→ Task goal
Return every record below exactly as written, but leave out the pictures.

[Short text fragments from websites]
*** Begin section ***

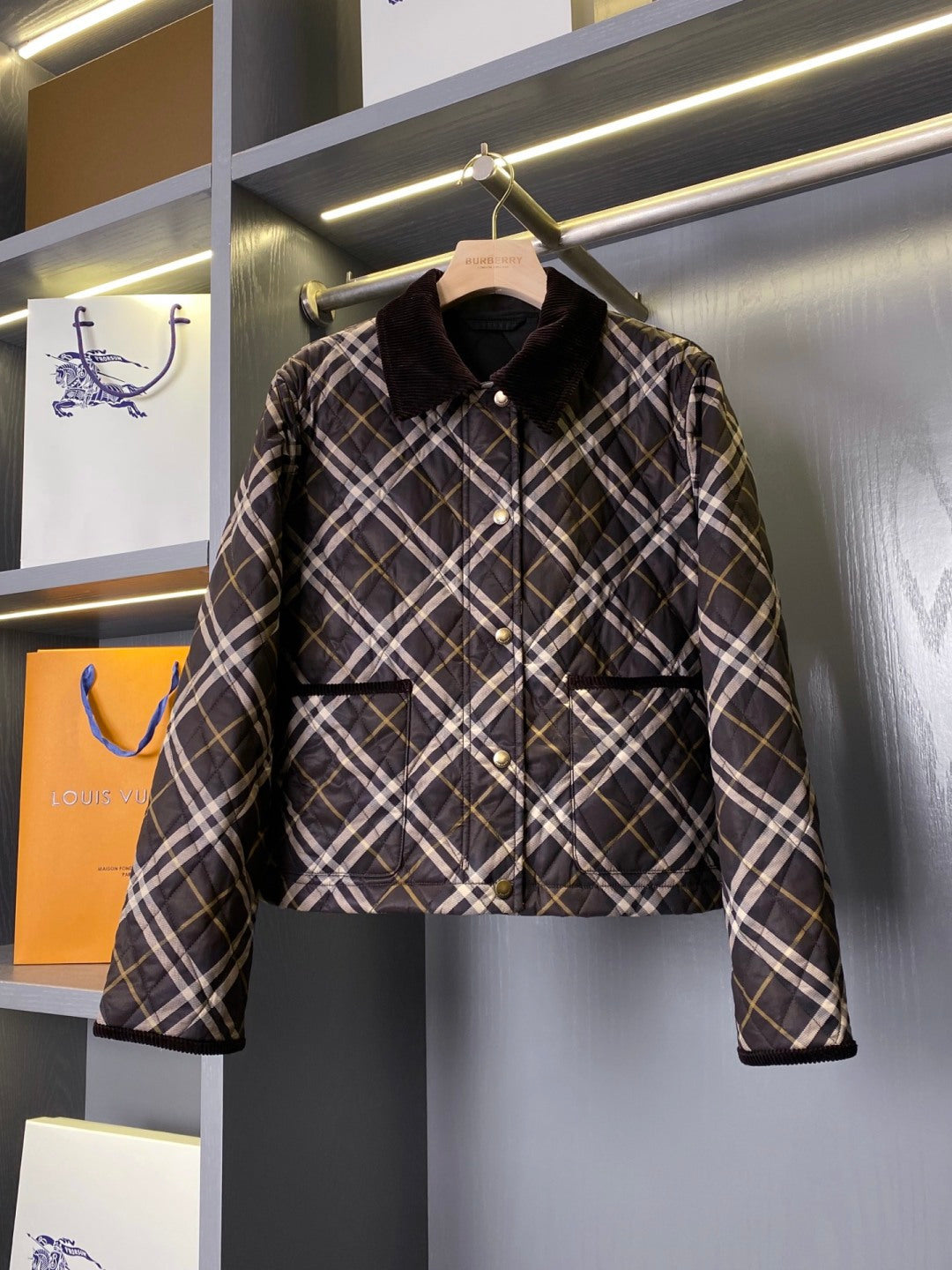 Burberry quilted plaid jacket with dark collar and snap-button front
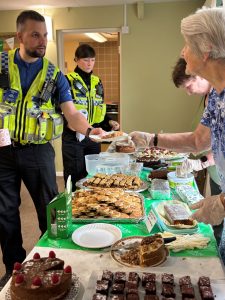 Trivallis Housing Landlord Wales A police officer in uniform receives a piece of cake from a person at a table filled with various pastries and cakes. Another officer and a few other individuals are in the background. The setting appears to be a community event.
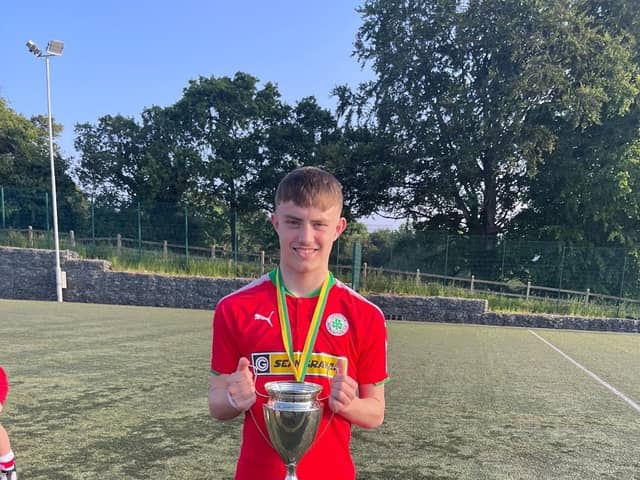 Alex Heaney with Cliftonville U18s All-Ireland Cup Winners Cup they won last week.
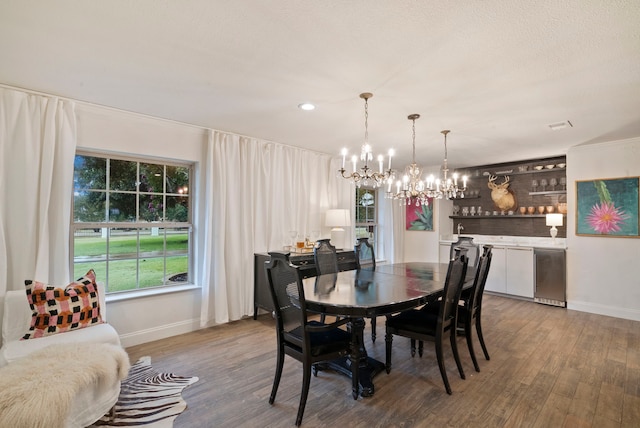 dining room featuring a chandelier and hardwood / wood-style floors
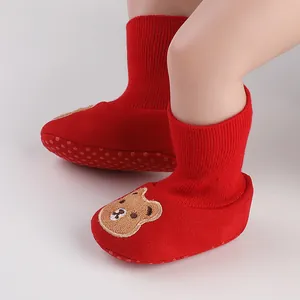 Detailed view of red soft-soled baby sock shoes featuring a cute brown cartoon bear design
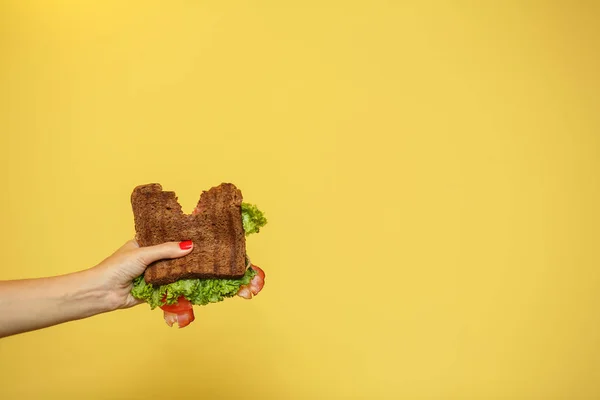 As mãos da mulher seguram sanduíche mordida no fundo amarelo. Conceito de promoção de sanduíches — Fotografia de Stock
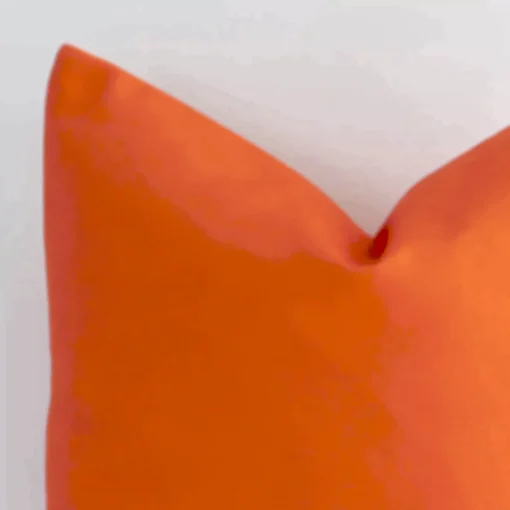 Cropped shot of top left corner of this solid-coloured orange cushion cover. This viewpoint shows the orange fabric and square shape with more precision.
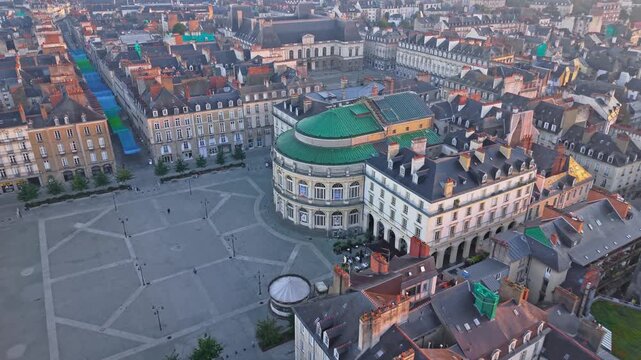 Drone advancing over Place de la Mairie toward Rennes Opera with the Parlement de Bretagne visible in the background in Rennes, France at sunrise.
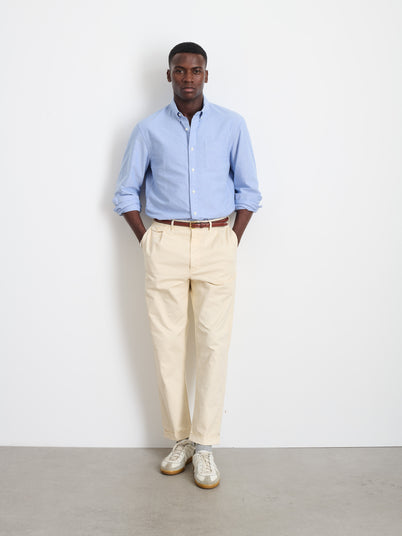 A man stands against a white wall wearing a light blue button-down shirt, Standard Pleated Pant in Chino (beige), and white sneakers, with his hands in his pockets.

*** End section ***

→ Answer section
 Burberry quilted plaid jacket with dark collar and snap-button front
 Trivallis Housing Landlord Wales A police officer in uniform receives a piece of cake from a person at a table filled with various pastries and cakes. Another officer and a few other individuals are in the background. The setting appears to be a community event.
 Alex Heaney with Cliftonville U18s All-Ireland Cup Winners Cup they won last week.
 dining room featuring a chandelier and hardwood / wood-style floors
 Detailed view of red soft-soled baby sock shoes featuring a cute brown cartoon bear design
 As mãos da mulher seguram sanduíche mordida no fundo amarelo. Conceito de promoção de sanduíches — Fotografia de Stock
 Cropped shot of top left corner of this solid-coloured orange cushion cover. This viewpoint shows the orange fabric and square shape with more precision.
 Drone advancing over Place de la Mairie toward Rennes Opera with the Parlement de Bretagne visible in the background in Rennes, France at sunrise.
 A man stands against a white wall wearing a light blue button-down shirt, Standard Pleated Pant in Chino (beige), and white sneakers, with his hands in his pockets.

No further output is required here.